Exercise description →
Output the listing exactly as written, apart from its pictures.

Available data →
————————

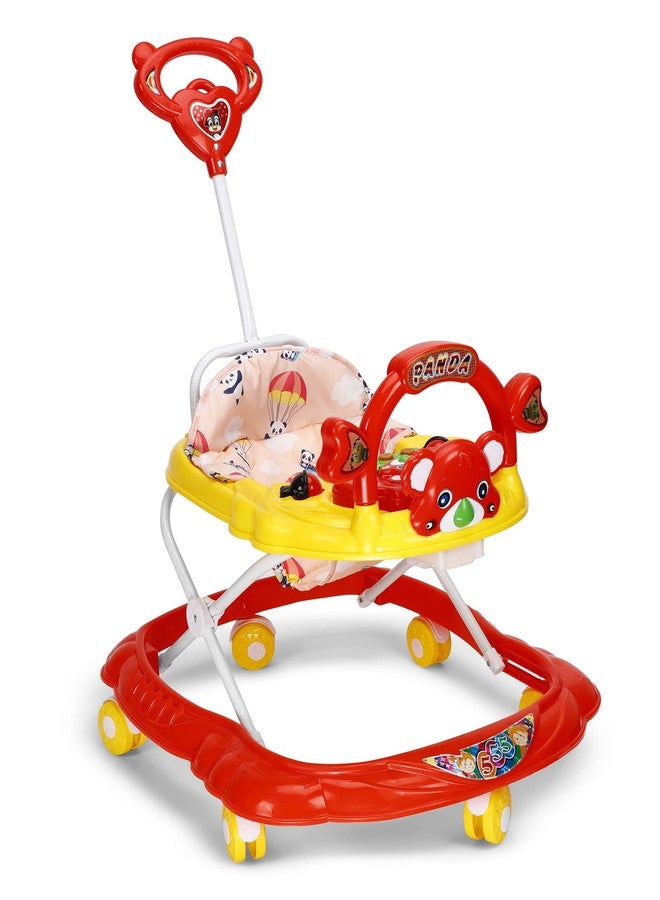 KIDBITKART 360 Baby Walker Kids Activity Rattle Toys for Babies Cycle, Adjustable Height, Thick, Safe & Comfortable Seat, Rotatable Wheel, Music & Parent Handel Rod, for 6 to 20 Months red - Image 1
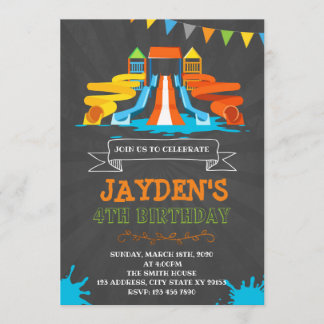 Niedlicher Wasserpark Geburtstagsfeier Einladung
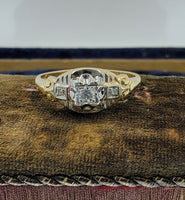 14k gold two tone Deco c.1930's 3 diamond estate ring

————————

Task solution →
 KIDBITKART 360 Baby Walker Kids Activity Rattle Toys for Babies Cycle, Adjustable Height, Thick, Safe & Comfortable Seat, Rotatable Wheel, Music & Parent Handel Rod, for 6 to 20 Months red - Image 1
 Niedlicher Wasserpark Geburtstagsfeier Einladung
 14k gold two tone Deco c.1930's 3 diamond estate ring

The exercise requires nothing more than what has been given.